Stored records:
--------------------------------
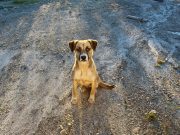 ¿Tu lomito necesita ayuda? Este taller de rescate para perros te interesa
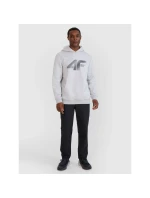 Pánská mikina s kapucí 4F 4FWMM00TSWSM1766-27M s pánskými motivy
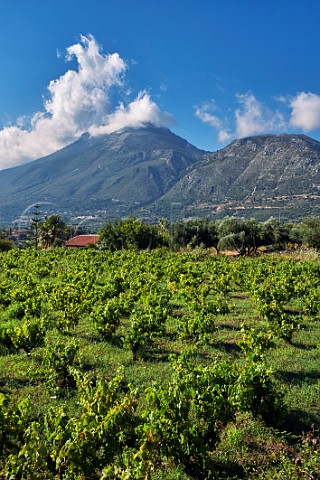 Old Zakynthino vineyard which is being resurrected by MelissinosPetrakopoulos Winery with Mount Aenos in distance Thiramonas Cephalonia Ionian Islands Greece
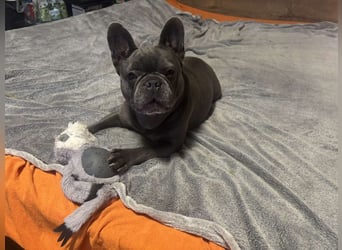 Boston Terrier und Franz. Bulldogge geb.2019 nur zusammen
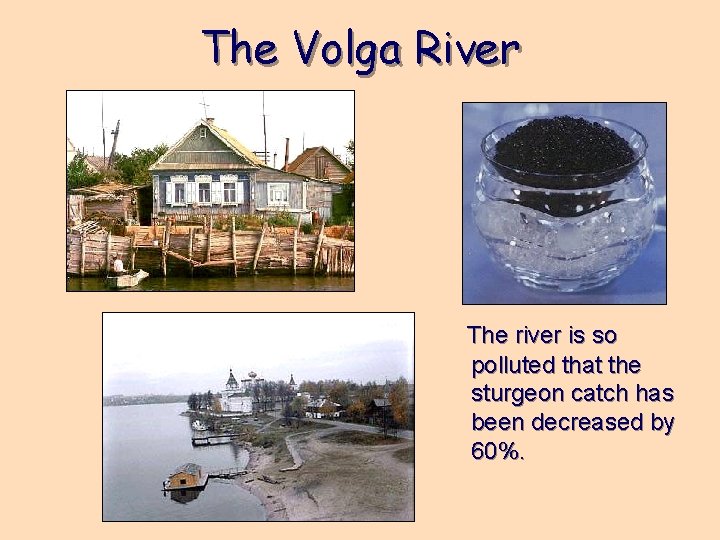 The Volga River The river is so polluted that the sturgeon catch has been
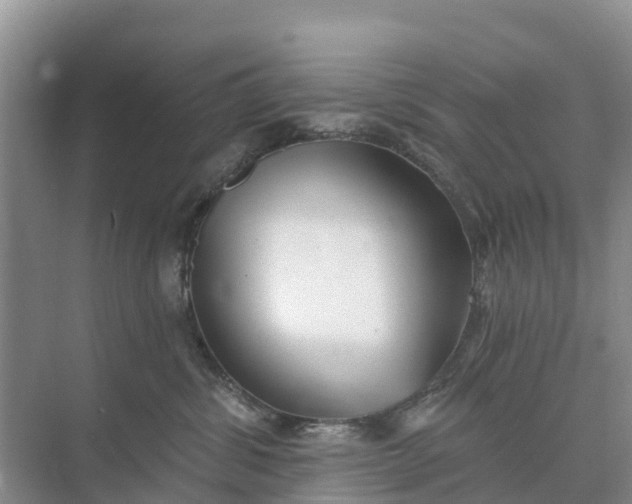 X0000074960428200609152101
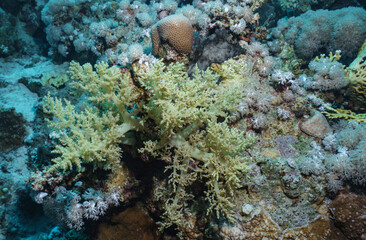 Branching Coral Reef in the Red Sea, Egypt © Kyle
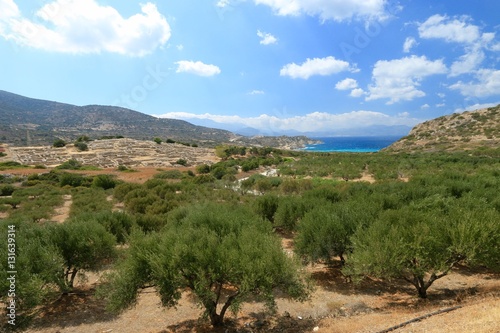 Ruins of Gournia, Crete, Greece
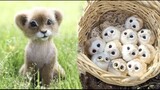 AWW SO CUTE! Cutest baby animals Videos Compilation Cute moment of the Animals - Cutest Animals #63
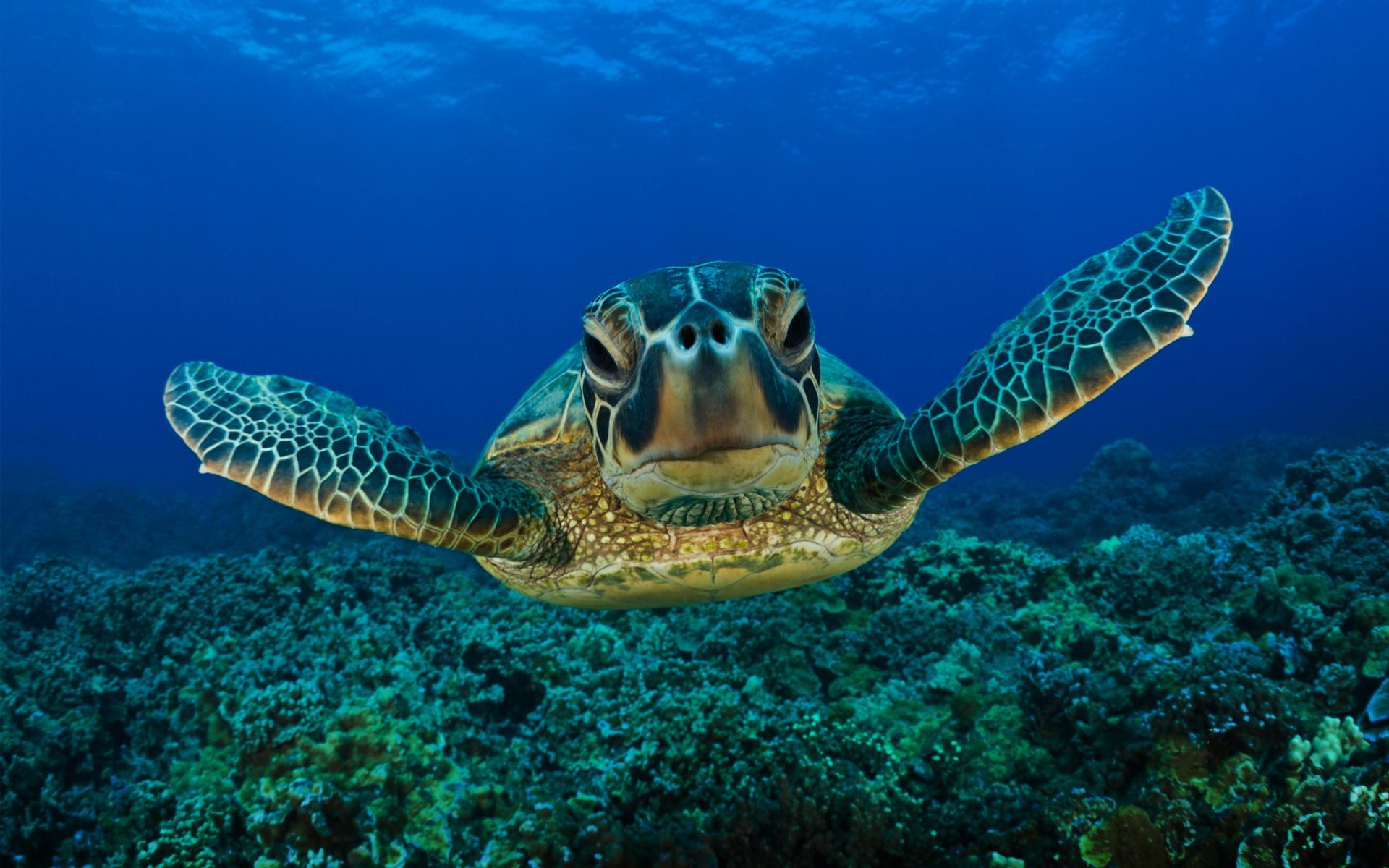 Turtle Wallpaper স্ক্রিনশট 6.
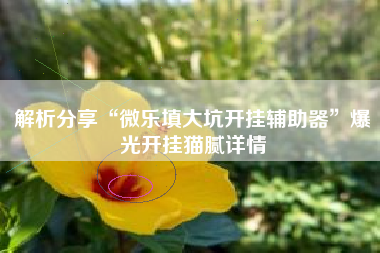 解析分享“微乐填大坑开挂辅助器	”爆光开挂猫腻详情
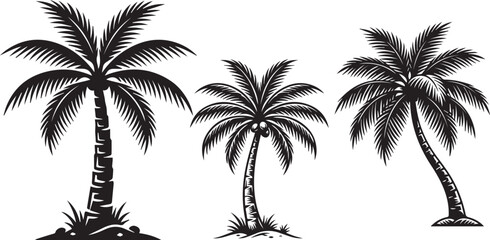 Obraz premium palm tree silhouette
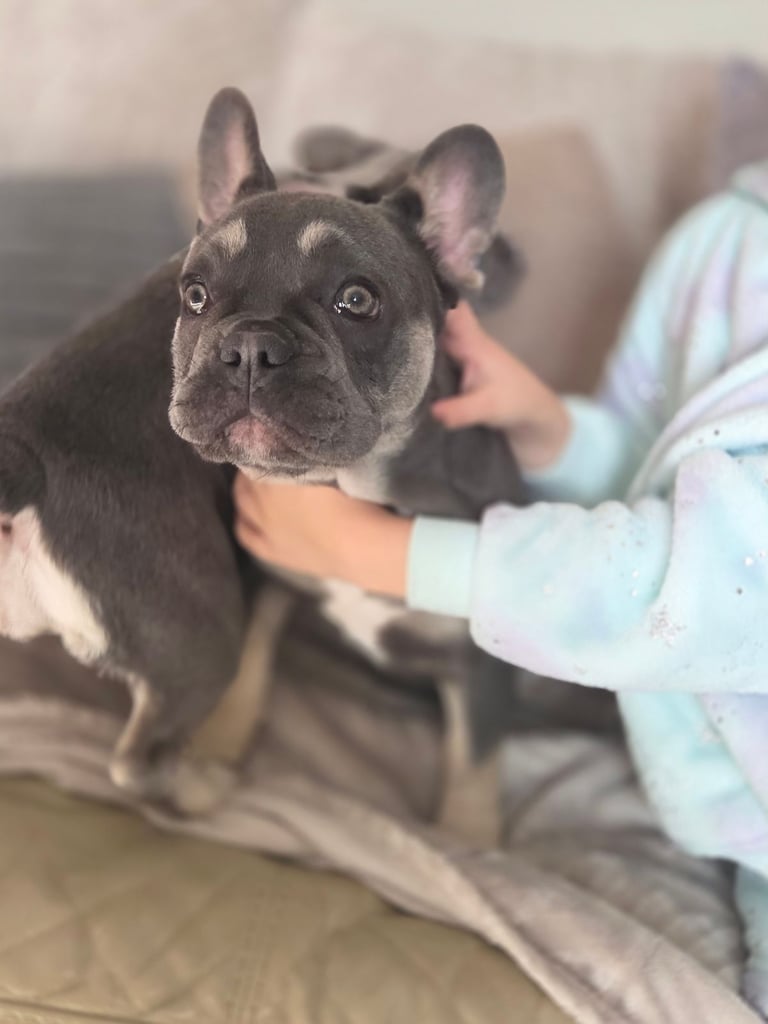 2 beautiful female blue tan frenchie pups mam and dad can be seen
--------------------------------
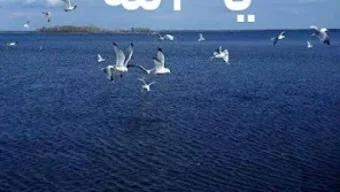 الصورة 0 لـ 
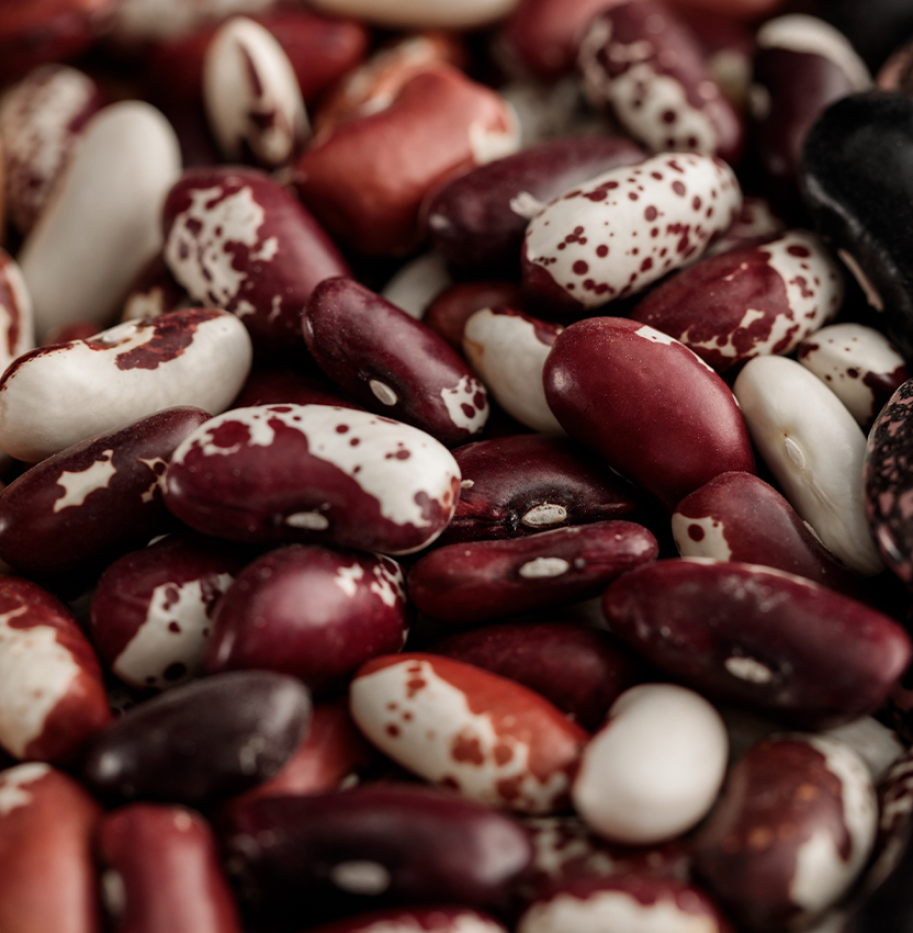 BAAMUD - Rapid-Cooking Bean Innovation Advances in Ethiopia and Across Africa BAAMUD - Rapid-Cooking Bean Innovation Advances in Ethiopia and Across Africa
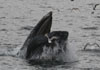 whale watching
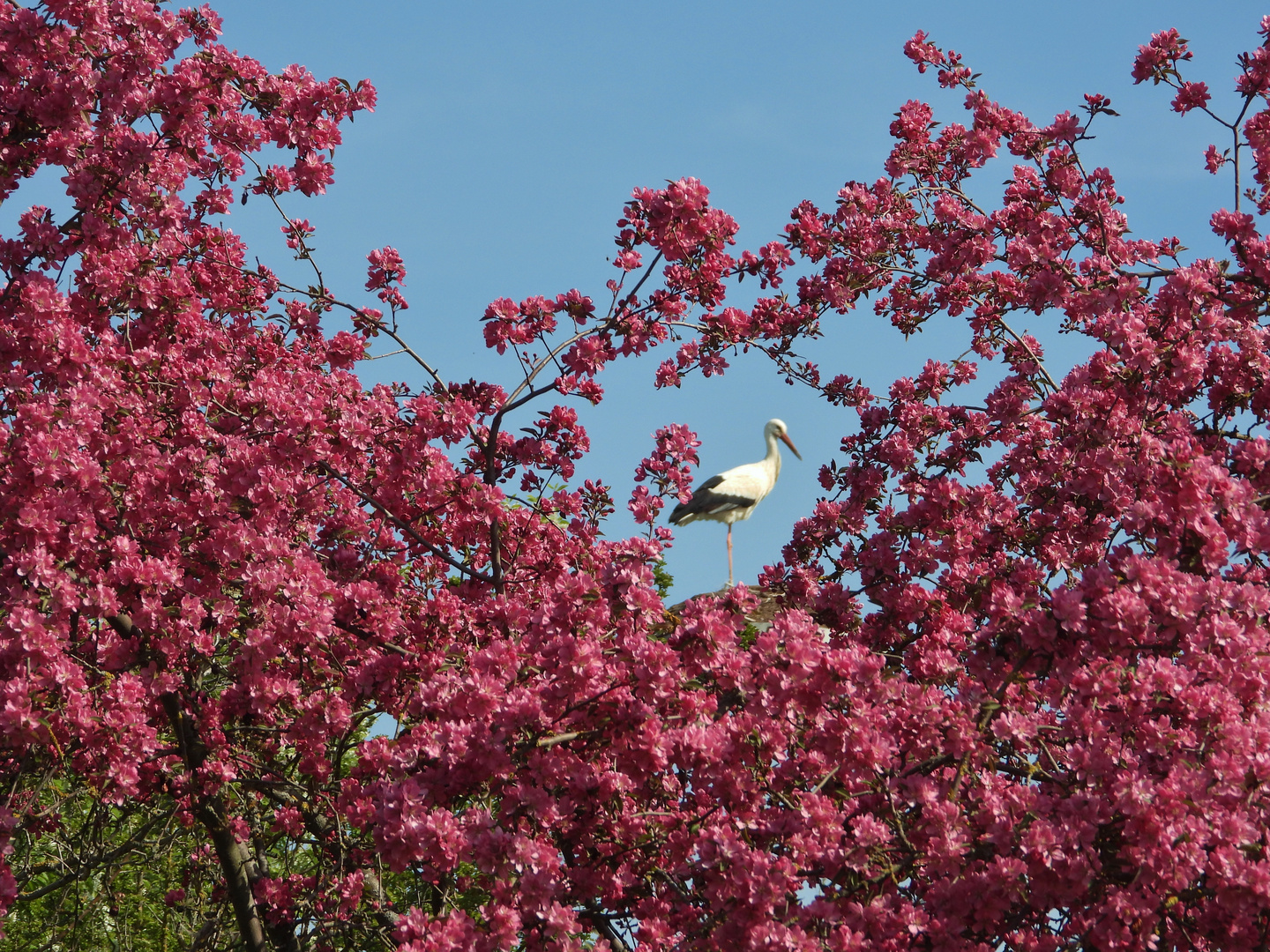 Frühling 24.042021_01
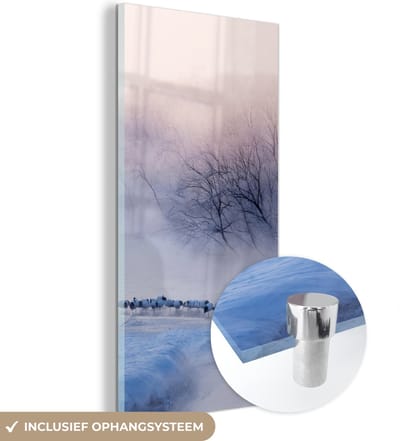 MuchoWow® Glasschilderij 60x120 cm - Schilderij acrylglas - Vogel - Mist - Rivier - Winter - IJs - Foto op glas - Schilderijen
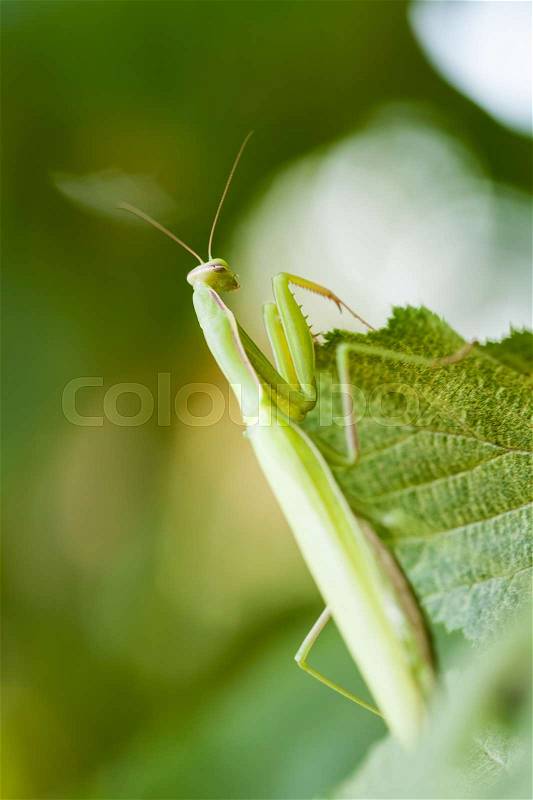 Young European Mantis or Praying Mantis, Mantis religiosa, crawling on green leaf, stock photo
--------------------------------
Task to carry out:
Both boundary lines included, write out word for word only the lines above from the one containing "The Volga River" to the one containing "Obraz premium palm tree silhouette", leaving out any pictures.

Solution to this exercise:
 The Volga River The river is so polluted that the sturgeon catch has been
 X0000074960428200609152101
 Branching Coral Reef in the Red Sea, Egypt © Kyle
 Ruins of Gournia, Crete, Greece
 AWW SO CUTE! Cutest baby animals Videos Compilation Cute moment of the Animals - Cutest Animals #63
 Turtle Wallpaper স্ক্রিনশট 6.
 解析分享“微乐填大坑开挂辅助器	”爆光开挂猫腻详情
 Obraz premium palm tree silhouette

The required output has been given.